▶ WHAT YOU SHOULD DO
For the records that follow, please set down exactly the lines between the one holding "Vista 30 de" and the one holding "student learning styles", inclusive, and only those.

*** Opening MATERIALS PROVIDED ***

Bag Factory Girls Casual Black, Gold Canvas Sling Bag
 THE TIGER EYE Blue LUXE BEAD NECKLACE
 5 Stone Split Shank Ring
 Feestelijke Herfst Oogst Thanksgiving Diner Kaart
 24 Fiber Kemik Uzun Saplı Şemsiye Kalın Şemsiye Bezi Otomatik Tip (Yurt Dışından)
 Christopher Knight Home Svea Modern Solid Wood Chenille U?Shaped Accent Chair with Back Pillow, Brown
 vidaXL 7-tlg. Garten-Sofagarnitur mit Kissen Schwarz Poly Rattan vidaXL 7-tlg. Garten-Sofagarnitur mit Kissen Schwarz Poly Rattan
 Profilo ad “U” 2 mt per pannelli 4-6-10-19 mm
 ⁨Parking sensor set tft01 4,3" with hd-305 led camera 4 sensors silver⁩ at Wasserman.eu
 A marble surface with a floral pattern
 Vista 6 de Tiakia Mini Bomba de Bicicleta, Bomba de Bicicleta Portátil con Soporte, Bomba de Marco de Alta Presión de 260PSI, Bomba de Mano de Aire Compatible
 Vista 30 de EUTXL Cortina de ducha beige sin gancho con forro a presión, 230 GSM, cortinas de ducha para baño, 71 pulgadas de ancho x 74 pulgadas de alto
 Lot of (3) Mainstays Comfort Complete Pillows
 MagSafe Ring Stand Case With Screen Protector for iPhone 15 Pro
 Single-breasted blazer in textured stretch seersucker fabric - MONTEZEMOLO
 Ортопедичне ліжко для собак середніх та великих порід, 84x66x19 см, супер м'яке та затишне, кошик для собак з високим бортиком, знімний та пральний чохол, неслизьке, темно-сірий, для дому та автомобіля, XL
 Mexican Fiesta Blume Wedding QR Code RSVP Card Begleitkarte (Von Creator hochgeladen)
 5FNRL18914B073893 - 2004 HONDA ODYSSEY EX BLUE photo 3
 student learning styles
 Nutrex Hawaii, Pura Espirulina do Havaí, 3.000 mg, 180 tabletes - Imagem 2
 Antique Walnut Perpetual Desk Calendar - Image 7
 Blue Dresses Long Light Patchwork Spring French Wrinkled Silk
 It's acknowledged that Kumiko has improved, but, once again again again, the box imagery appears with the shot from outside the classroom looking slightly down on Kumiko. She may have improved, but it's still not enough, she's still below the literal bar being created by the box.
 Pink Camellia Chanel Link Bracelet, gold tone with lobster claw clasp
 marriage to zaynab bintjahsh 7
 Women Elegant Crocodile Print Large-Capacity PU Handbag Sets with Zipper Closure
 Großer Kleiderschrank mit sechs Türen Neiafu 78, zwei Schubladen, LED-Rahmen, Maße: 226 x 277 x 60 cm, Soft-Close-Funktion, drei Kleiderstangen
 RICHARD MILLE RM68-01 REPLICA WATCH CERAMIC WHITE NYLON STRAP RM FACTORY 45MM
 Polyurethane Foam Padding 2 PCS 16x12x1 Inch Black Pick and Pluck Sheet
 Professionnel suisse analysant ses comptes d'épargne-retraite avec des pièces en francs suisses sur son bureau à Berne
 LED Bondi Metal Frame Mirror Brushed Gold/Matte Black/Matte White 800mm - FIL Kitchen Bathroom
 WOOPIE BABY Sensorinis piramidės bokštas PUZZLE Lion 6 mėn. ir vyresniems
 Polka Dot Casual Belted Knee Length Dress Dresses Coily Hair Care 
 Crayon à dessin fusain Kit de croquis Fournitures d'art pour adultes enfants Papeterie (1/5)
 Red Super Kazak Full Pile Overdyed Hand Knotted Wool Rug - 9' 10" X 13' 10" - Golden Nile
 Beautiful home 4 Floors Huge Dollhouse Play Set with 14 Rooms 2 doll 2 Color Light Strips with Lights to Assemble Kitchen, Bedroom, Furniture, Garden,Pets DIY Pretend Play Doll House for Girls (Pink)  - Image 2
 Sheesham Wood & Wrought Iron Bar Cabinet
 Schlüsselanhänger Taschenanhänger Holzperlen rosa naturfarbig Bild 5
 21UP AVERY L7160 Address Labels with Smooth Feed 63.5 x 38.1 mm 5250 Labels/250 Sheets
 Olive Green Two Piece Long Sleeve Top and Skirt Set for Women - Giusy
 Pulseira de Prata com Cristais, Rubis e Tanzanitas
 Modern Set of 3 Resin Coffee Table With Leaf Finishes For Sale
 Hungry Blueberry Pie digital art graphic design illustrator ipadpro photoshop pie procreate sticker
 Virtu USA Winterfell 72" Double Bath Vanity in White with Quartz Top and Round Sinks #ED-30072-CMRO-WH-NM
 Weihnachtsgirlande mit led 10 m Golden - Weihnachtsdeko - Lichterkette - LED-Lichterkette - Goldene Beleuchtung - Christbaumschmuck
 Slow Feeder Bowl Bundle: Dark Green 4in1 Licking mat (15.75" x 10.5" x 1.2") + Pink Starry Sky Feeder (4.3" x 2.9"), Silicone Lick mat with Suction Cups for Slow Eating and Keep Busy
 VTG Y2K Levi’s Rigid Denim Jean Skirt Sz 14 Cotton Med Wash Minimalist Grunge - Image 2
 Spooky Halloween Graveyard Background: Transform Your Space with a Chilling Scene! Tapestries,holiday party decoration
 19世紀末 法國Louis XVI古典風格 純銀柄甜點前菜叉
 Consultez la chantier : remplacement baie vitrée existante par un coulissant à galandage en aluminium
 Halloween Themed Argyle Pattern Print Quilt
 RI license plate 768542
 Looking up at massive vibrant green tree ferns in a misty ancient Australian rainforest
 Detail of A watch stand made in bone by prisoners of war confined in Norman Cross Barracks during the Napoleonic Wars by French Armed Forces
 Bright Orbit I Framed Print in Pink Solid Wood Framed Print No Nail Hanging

*** Closing MATERIALS PROVIDED ***

▶ EXPECTED ANSWER
 Vista 30 de EUTXL Cortina de ducha beige sin gancho con forro a presión, 230 GSM, cortinas de ducha para baño, 71 pulgadas de ancho x 74 pulgadas de alto
 Lot of (3) Mainstays Comfort Complete Pillows
 MagSafe Ring Stand Case With Screen Protector for iPhone 15 Pro
 Single-breasted blazer in textured stretch seersucker fabric - MONTEZEMOLO
 Ортопедичне ліжко для собак середніх та великих порід, 84x66x19 см, супер м'яке та затишне, кошик для собак з високим бортиком, знімний та пральний чохол, неслизьке, темно-сірий, для дому та автомобіля, XL
 Mexican Fiesta Blume Wedding QR Code RSVP Card Begleitkarte (Von Creator hochgeladen)
 5FNRL18914B073893 - 2004 HONDA ODYSSEY EX BLUE photo 3
 student learning styles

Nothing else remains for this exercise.